STATE of Tennessee, Appellee, v. Lloyd B. GORMAN, Appellant.
    Supreme Court of Tennessee.
    March 8, 1982.
    William M. Leech, Jr., Atty. Gen., William W. Hunt, III, Asst. Atty. Gen., Nashville, for appellee.
    Jim W. Stambaugh, Morristown, for appellant.
   OPINION

FONES, Justice.

The sole question on appeal before this Court concerns the effect of oral instructions to the jury made prior to the submission of the written charge. It was error for the trial judge to violate the requirements of T.R.Cr.P. 30(c) in failing to submit “every word” of his charge to the jury in written form. Even though error was committed, T.R.A.P. 36(b) provides that a final judgment will not be set aside unless that error more probably than not affected the judgment. Thus, the scope of our review will be to determine whether this error may be considered harmless.

Defendant was convicted of several different counts for selling Schedule II, III and IV controlled substances. At the conclusion of all the evidence, the trial judge prefaced the reading of the written instructions with seven pages of preliminary remarks. After a careful comparison of the preliminary remarks and the written charge we are in agreement with the following portions of the Court of Criminal Appeals’ opinion:

“The trial judge made a significant oral commentary to the jury immediately pri- or to the written charge. This commentary covered various subjects: the function of the judge, the duty of the jury, the nature and number of the cases on trial and the necessity for a unanimous verdict as to each defendant, as to each indictment, and as to each count; the method of reporting a verdict; the enhancement of punishment, if applicable; an explanation of the indeterminate sentence law.
The written charge was an exhaustive dissertation. It covered in a substantial way each oral instruction; indeed, appellant does not contend otherwise. His complaint is that the instructions were delivered orally, not that they were erroneous or not thereafter included in the written charge.”

We do not agree with the Court of Criminal Appeals’ statement that admonition, explanation, curative instructions and the like are “jury instructions” whenever or at what stage of the trial made, and thus, that a literal compliance with the requirement that each word be reduced to writing, “would be unrealistic if not impossible.” The rule applies to the instructions given at the conclusion of the trial.

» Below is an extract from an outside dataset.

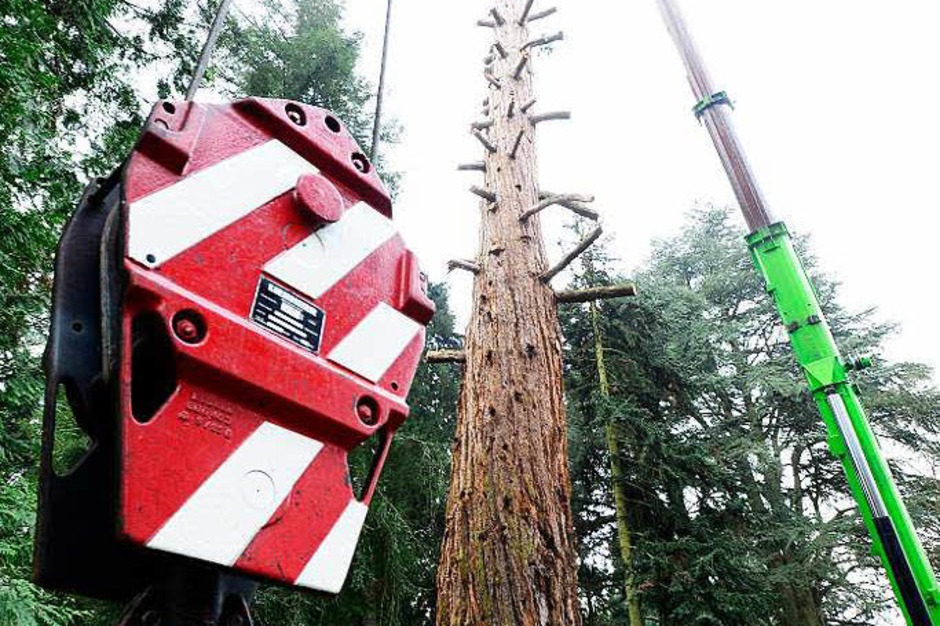 Fotos Mammutbaum im Botanischen Garten wird gefällt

We reaffirm the statement in McElhaney v. State, 220 Tenn. 532, 420 S.W.2d 643 (1967) that the requirement is mandatory. When all of the testimony has been presented and the argument of counsel concluded it is then the trial judge’s duty to instruct the jury and it is the mandatory law of this State that every word of the judge’s instructions is to be reduced to writing before being given to the jury. T.R. Cr.P. 30(c). Extemporaneous statements at that time, no matter how accurate, are prohibited. We think it is inappropriate for the appellate courts to preside over the creation of a body of “harmless error law” revolving around the issue of failure of trial judges to restrain themselves from making oral remarks at a time when it is the obligation of the trial judge to deliver to the jury “every word” in writing. The orderly administration of criminal justice demands adherence to this requirement or its withdrawal from the operation of the harmless error rule, that prevails today.

The result is that in this instance, the error will be adjudged harmless, the conviction and the judgment of the Court of Criminal Appeals affirmed.

HARBISON, C. J., and COOPER, BROCK, DROWOTA, JJ., concur.